I think we are all called to create for many different reasons. It is a drive in us. I think it's in all of us. We want to interact with the world, we want to play. We want to express ourselves. We want to have fun, and we want to tell other people how we feel in a way that will make them feel too, we want to share our pain and joy, we want to create mirrors upon mirrors, mirrors within mirrors within mirrors; we want to reflect our collective humanity all around through our individuality. I hope no one feels that art is some calling for a select few, some pawing affliction, the curse of genious. I think that perspective is a misunderstanding, and a hell of a tool for governments, a way to rob people of their voices. It is hard sometimes to feel you have a voice. To find the strength to create. Even to find any purpose in it. Especially when you've been made to feel unworthy.
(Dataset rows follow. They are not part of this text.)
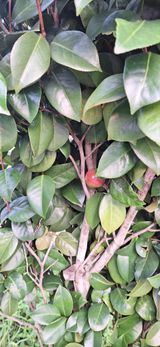 팜모닝 자유주제·자유게시판 게시글 이미지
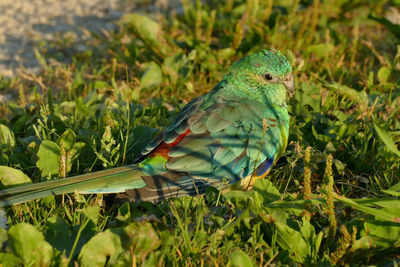 Close-up of parrot perching on grass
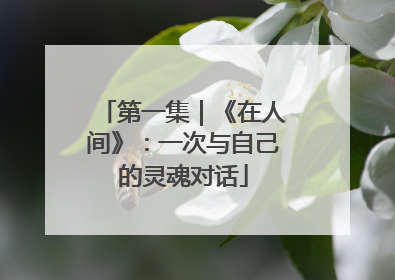 第一集｜《在人间》：一次与自己的灵魂对话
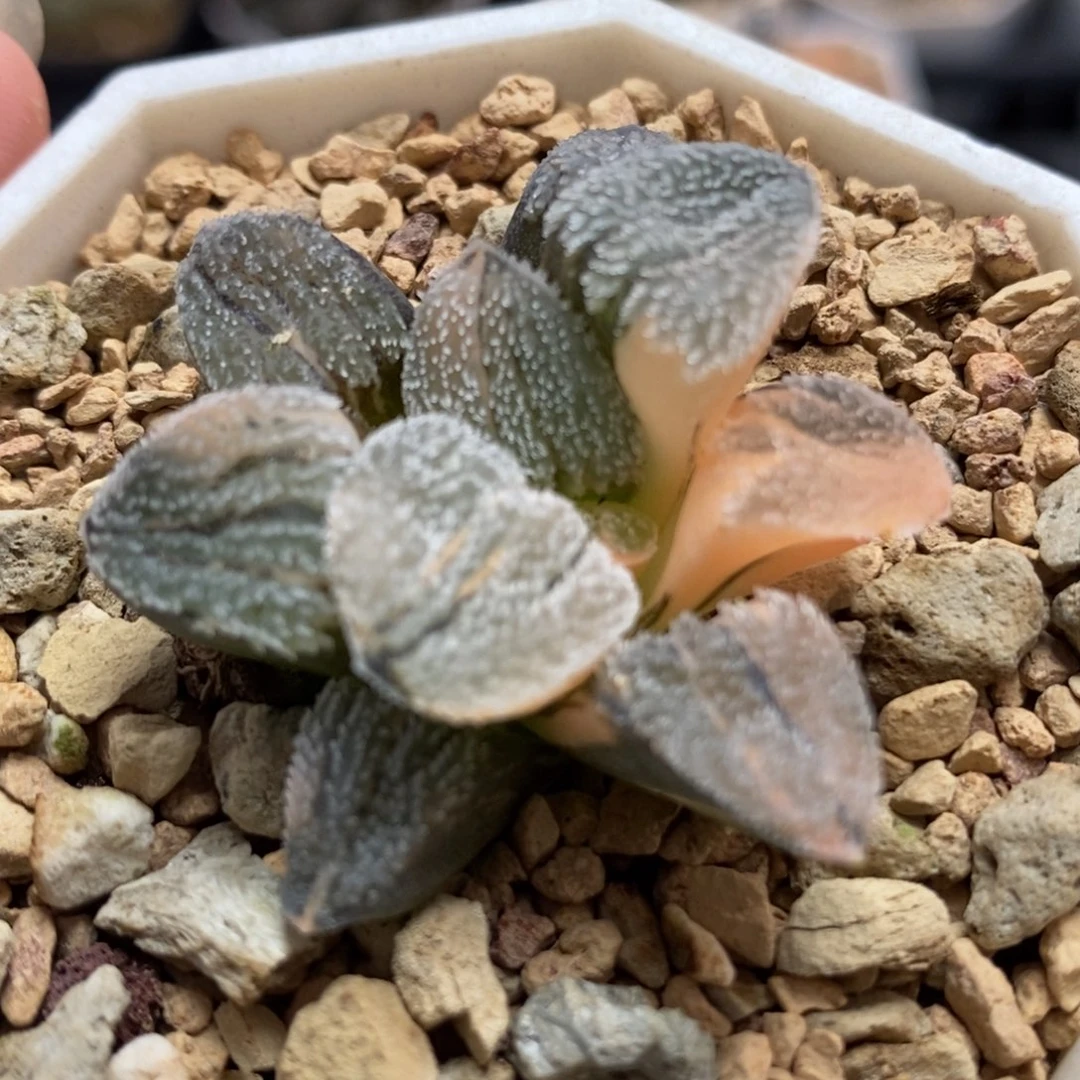 79雪之理磨面锦一物一拍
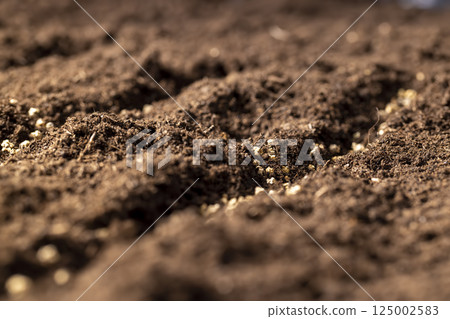 a plot of land mixed with peat in which red beet seeds are planted, closeup 125002583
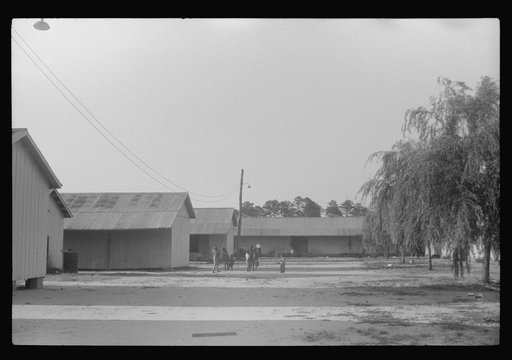 Untitled photo, possibly related to: Living quarters for migratory agricultural workers at Webster Canning Company, Cheriton, Virginia
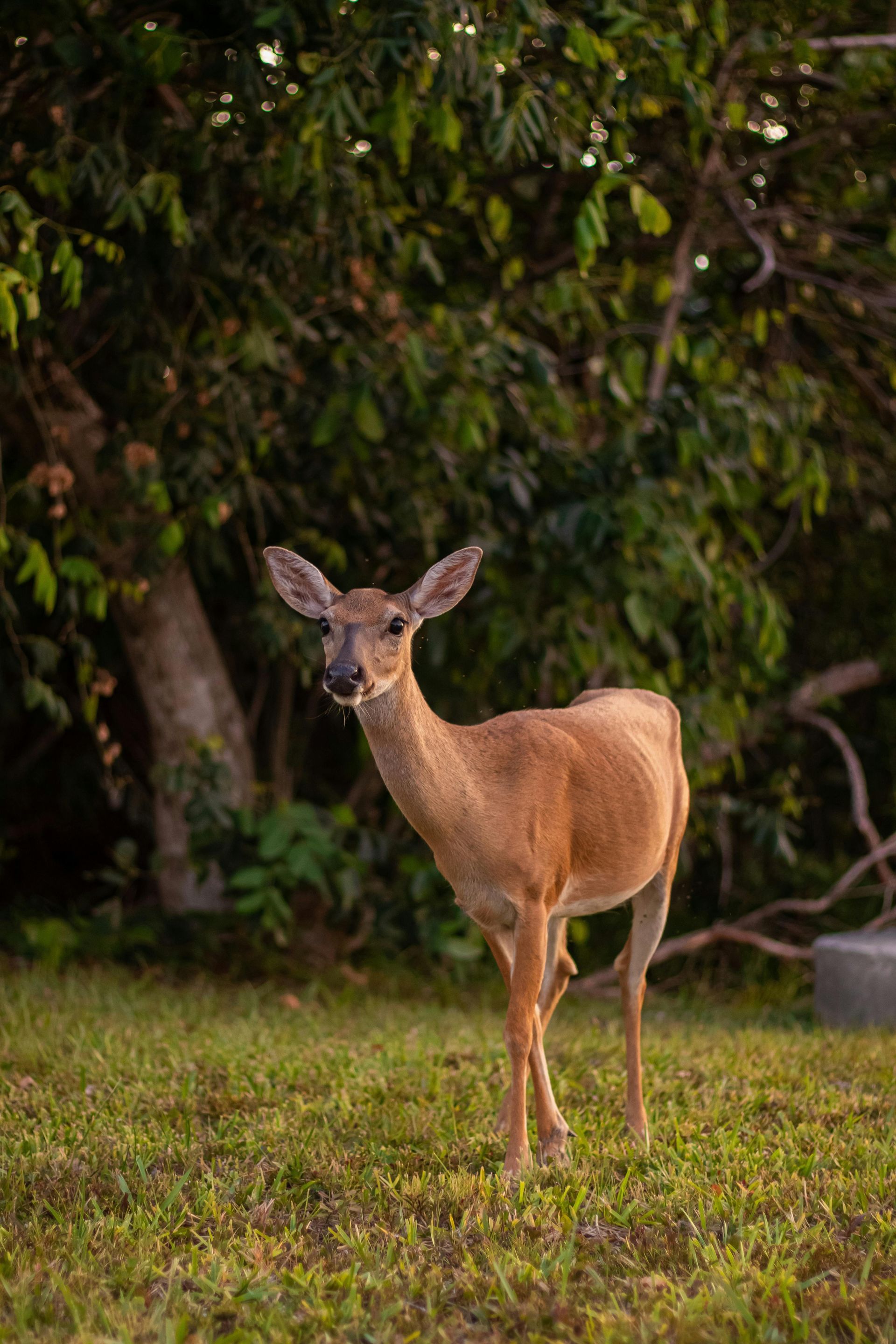 A deer is standing in the grass looking at the camera.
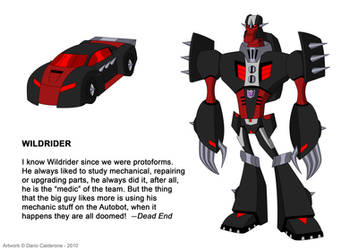 TFA Stunticons: Wildrider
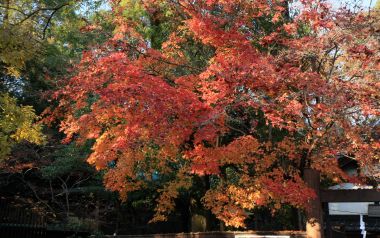 日本京都下鸭神社秋季红叶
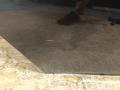 41007298526, 7298526, 7298220, 41527298220 дверь задняя правая BMW 3 F30/F31 [рестайлинг] 2017г. - фото №7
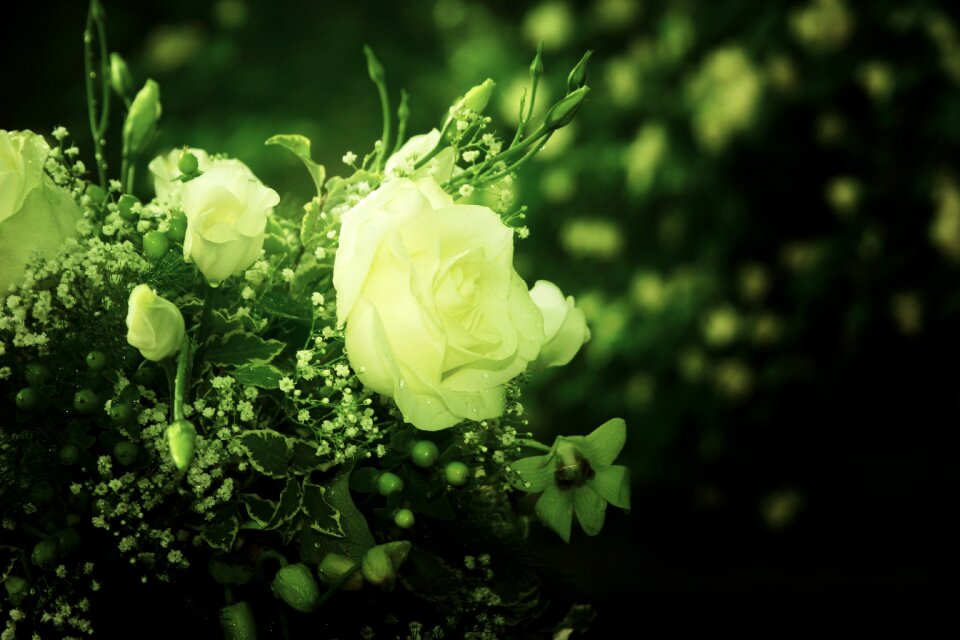 Plant floral background green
I was recently re-reading a post in Yanyi's The Reading series where he talks about what drove him to write. How it saved his life. How he came to understand that it was an invaluable part of his life, something, in fact, that was inseparable from his personhood, from his heart, his soul. "I must write because otherwise I would lose track of who I am." Art helps us remember who we are. Creation is a mirror. Reading is a mirror. Don't be afraid of mirrors.

Can I admit a traitorous thought? I've been looking at web platforms, site designers, those things that make creating a website so easy. I want to write, and I want a place to put it, and I know it isn't a crime. I want it to be easy, I want to be able to reach people, I want to not have to worry about whether my site is styled while also being properly viewable on mobile. I know it isn't really a crime, I know, but it feels like a betrayal sometimes, of myself. Not to want these things, but to show up on the shore of these designers, with their polished editors and prepackaged themes. I'm sure I'm not alone in feeling a sterile feeling there. A type of loneliness. Maybe that's silly, but I feel like these things weren't created for me. I feel no inspiration in their post editors. I feel alone. I feel without myself.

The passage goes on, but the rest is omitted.